Conservative presidents get mistreated by these surveys. Calvin Coolidge, for instance, is typically dumped into the bottom quartile of “greatest presidents,” often below Herbert Hoover, Jimmy Carter, and Richard Nixon.
And those “great” liberals? Sure, Johnson did a lot, but was it good? He was a wartime president, and we lost the war after he quit halfway through. He declared a war on poverty, but by any reasonable measure, he lost that war too.
Wilson was more ambitious. His war was even bigger and possibly even more imprudent. He remade the civil service by resegregating it. He tried to forge a new republic by expanding federal power and bringing industry and government together in a clammy, collusive embrace.
FDR made the presidency much bigger, aggregating power to the extent that he was able to intern American citizens, punish farmers who ate their own crops, crack down on Jewish deli owners for working too many hours, and set up entitlements that are driving the country toward fiscal ruin today.
Historians go for the big, the loud, and the audacious. So on President’s Day 2018, we ask, what will these historians think of President Trump?
He entered office with the most ostentatious promises, pledging to leave behind the largest monument ever, a big beautiful wall, but, ironically, his tenure could end up remembered more like Silent Cal than like Rough Rider Teddy.
If you filter out the noise of his tweets and clangers and of the resistance, if you set aside the justified or unjustified speculation about investigations, and the personal scandals, and focus on policy actions, we are looking so far at a president taking modest but meaningful conservative actions.
Imagine some historian, who, 200 years from now, instructs one of his assistants to read the Federal Register and the Congressional Digest. That future researcher would come away from at least the first year of the Trump epoch with a very different impression than we have today about what it is and portends.

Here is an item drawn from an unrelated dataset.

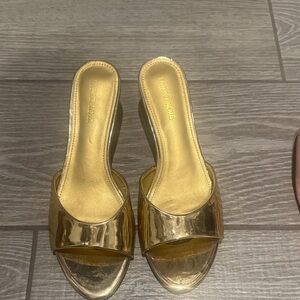 Fashion Nova Gold Metallic Mules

Neil Gorsuch, for instance, is an excellent and very typical pick for the Supreme Court. Deemed “Well Qualified” by the American Bar Association, with years of appellate law under his belt, Gorsuch is a careful writer and a legal scholar who will make an impact, not through memorable phrases or breaking barriers, but through meticulous reasoning consistently applied.
Trump’s foreign policy seems to some contemporary observers terrifying or dizzying. Is he too cozy with Russian President Vladimir Putin? Is he threatening war with North Korea? Does his anti-terrorism rhetoric bleed into bigotry?
But look at the military and diplomatic actions, and everything is well within normal bounds. An acute and sharp missile strike on Syria sent a message of seriousness whilst avoiding escalation. So far, there has been some saber rattling with Kim Jong Un, but there has been neither any conflict nor any solid reason to expect it, and at the same time, there may be some reason to believe that his tougher approach has some chance of doing better than the past 20 years of appeasement.
There have also been quiet successes. The Islamic State is widely understood to be withering, thanks to Trump’s intensification of Barack Obama’s methodical military operations to destroy the terrorist organization.
On the domestic front, Trump has been modest, too. If he gets a wall, it won’t be the dramatic monolith he suggested, but mostly an upgrade of the existing walls, fences, and other security arrangements at the border. His tax legislation was not a generational reform, but instead a welcome lowering of rates and curbing of deductions. Instead of repealing Obamacare in one sweeping move, Republicans under Trump are incrementally chipping away at it.
While we have hoped for bigger actions from Trump at times (such as a more drastic simplification of the tax code) and smaller words, we look around at the concrete policies of this White House, and we see something very different than Trump’s personality would suggest.
All of this is preliminary, of course. Trump has nearly another three years in office, perhaps seven. But if he continues on his current path, he could be a president who by historians’ standards doesn’t count as great, but that’s good.